# Ceiling Mount Help



## jaysonbarnett (May 4, 2008)

I have an optoma HD70 and i need a celing mount. Here are some pics and as you can see i missed the center by about 1 foot. I need a mount that can adjust down about 2 to 3 feet. I have looked and can not find a mount that extends more than a foot. As you can see the center beam on the ceiling is perfectly in the center of the screen so i need a mount that can mount on the beam on the projector side. Because i missed the mark the image is keystoned pretty bad. I can move the shelf over a foot but since i need to move it why not just buy a mount. (to put on that beam)


----------



## tcarcio (Jun 27, 2007)

How about something like this.....http://www.mountdirect.com/NPL_Projector_Wall_Mount_p/npl_w.htm


----------



## jaysonbarnett (May 4, 2008)

Yes that would work but the sheet rock is really thin because this room is an ad-on. This is why i am trying to mount on the beam on the ceiling. Thank you for your response.


----------



## Anthony (Oct 5, 2006)

IIRC, Parts Express had a projector mount (might have been a Sanus) that you could use threaded steel pipe for an extender. Then you could just mount the top with a flange (for the pipe) and use the bottom part of the mount for the projector.

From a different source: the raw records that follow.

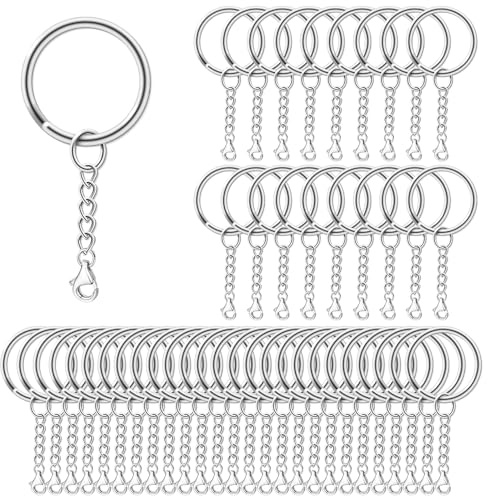 AiQInu 100 Pezzi 25mm Anelli Portachiavi con Catena, Anelli per Portachiavi con Catenella Split, Portachiavi Fai da Te per Porta Chiavi Mestieri Lavori di Bricolage - Argento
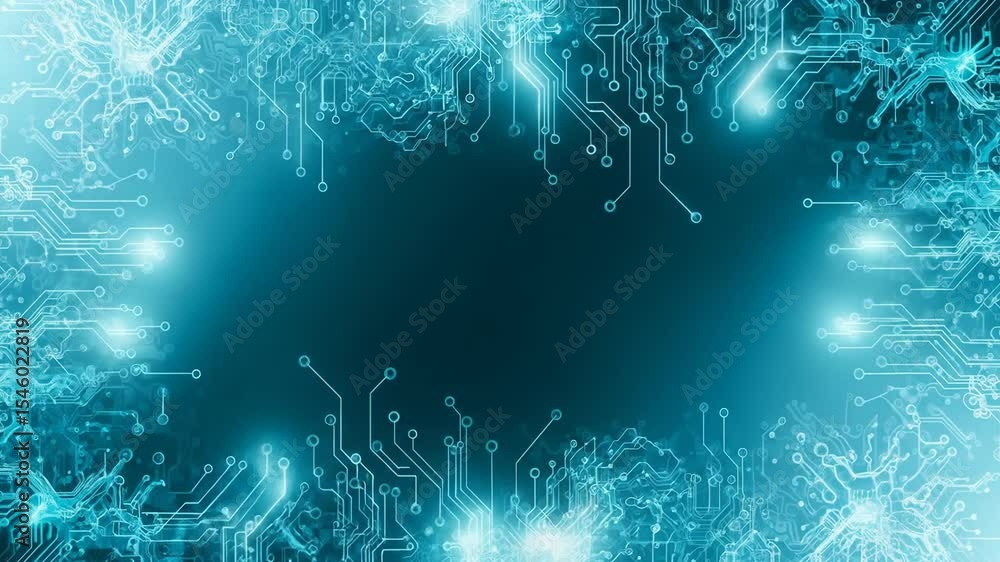 Poster abstract teal digital circuit board background graphic border for technology innovation presentation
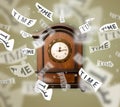 Clock and watch concept with time flying away Royalty Free Stock Photo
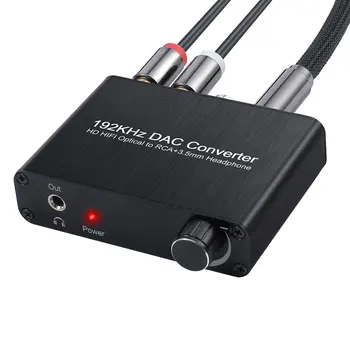 Digitālā uz Analogo Audio Converter Adapteris DTS AC-3 līdz 2.0 CH APK Optiskā, Koaksiālā uz RCA un 3,5 mm Jack 5.1 ch Digitālā Audio Dekoderi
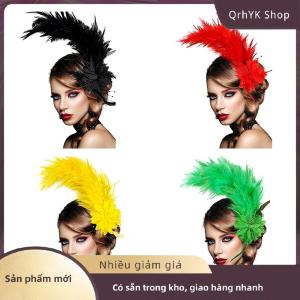 Hàng có sẵn✨ Phụ Nữ Của Lông Fascinator Màu Headband Phụ Kiện Tóc Cho Phụ Nữ Tea Party Hiệu Suất Sân Khấu Mũ sắt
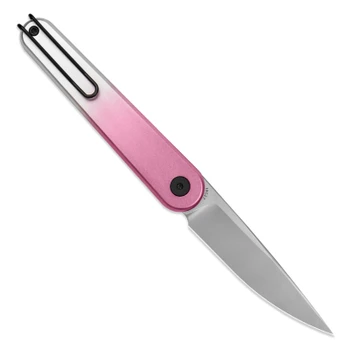 Miguron Gents Folding Knife Pink/White Anodized Aluminum Handle 3" Pearlescent Stonewash 19C27 Drop Point MGR837ANOPK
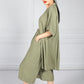 Khaki Maxi Kimono Style Cardigan & Pant Set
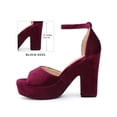 thumbnail image 2 of BLISSFUL STEP Platform Open Toe Chunky High Heels Sandals for Women Burgundy (Size 8.5), 2 of 7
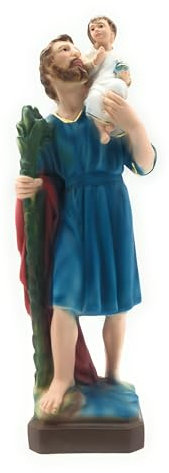 OVUNQUE PROTEGGIMI St.Christophorus-Statue 30 cm Marmorpulver für den Innen- und Außenbereich geeignet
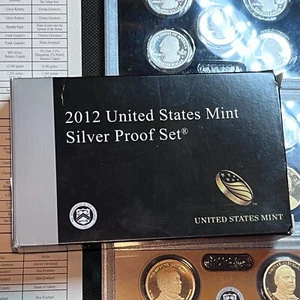 2012 S US NUOVO DI ZECCA SILVER PROOF SET 14 MONETE (QTY AVAIL) SCATOLA OGP & COA #554 - Foto 1 di 5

Alternatively, you could just use your existing setup and two pipe flanges to mount. The downside there is adjustability. Be sure to design something that allows you to adjust four screws to get the balance and pitch correct.


----------



## tcarcio (Jun 27, 2007)

Well check out the other options on that site. I did notice some 2' to 4' extensions when I was browsing through.


----------



## jaysonbarnett (May 4, 2008)

thanx you guys i found this web site where i can build my own (exactly what i need) mount http://www.mountdirect.com/Projector_Mount_and_Accessories_s/2.htm
perfect thanx


> How about something like this.....http://www.mountdirect.com/NPL_Proje...nt_p/npl_w.htm


this site was perfevt thanx dude


----------



## tcarcio (Jun 27, 2007)

Glad we could help. Post some pics when you get it finished.:yes:


----------



## jaysonbarnett (May 4, 2008)

Yes i will and all i have to say now im hooked on projection. I have been into the audio portion of home theater now just getting into big projection. So i know i will have to post a new thread for this but can anyone point me to the caliration of projectors. I have DVE disk from netflix but can not fiquare out how to calibrate. Some people use meters, but do i have to or can i just use my eyes? I had a friend calibrate my plasma but he is gone now and have no idea whrere to start. I used this guys settings for my projector http://www.avsforum.com/avs-vb/showpost.php?p=14889528&postcount=2239 and it looks great but i want to do it myself because it is a little dark.
thanx again jayson


----------



## tcarcio (Jun 27, 2007)

Well I use the Avia guide to home theater and I don't think DVE is too much different. Spend a little time watching the dve and take your time and you will figure it out. Maybe someone else here uses that disc and can give you some pointers but if not maybe this will help.......http://www.projectorpeople.com/resources/video-calibration.asp


----------



## jaysonbarnett (May 4, 2008)

Can someone help me with this caculator tool. I am trying to get the messurements right. I have an optoma HD70 and i just ordered the ceiling mount and i want make sure i mount it right. http://www.projectorcentral.com/Optoma-HD70-projection-calculator-pro.htm
i am not understanding the graphs. I sit 12'6" away(the projector is right above me) and the screen is 106 inch, and i want it to be a bright as i can get it. I was thinking (according to the graphs) to move the projector closer to the screen, and this should increase the brightness right?


----------



## mechman (Feb 8, 2007)

Is it a 1.0 gain screen? If it is you're just fine as it is. The calculator is showing 14fL for a 1.0 gain screen which is plenty bright.

mech


----------



## jaysonbarnett (May 4, 2008)

No It's .8 gain thats why i was wondering if moving it closer to the screen would help the brightness and the screen is on the ceiling not table.. And what is 14fl? is that how bright it gets?


----------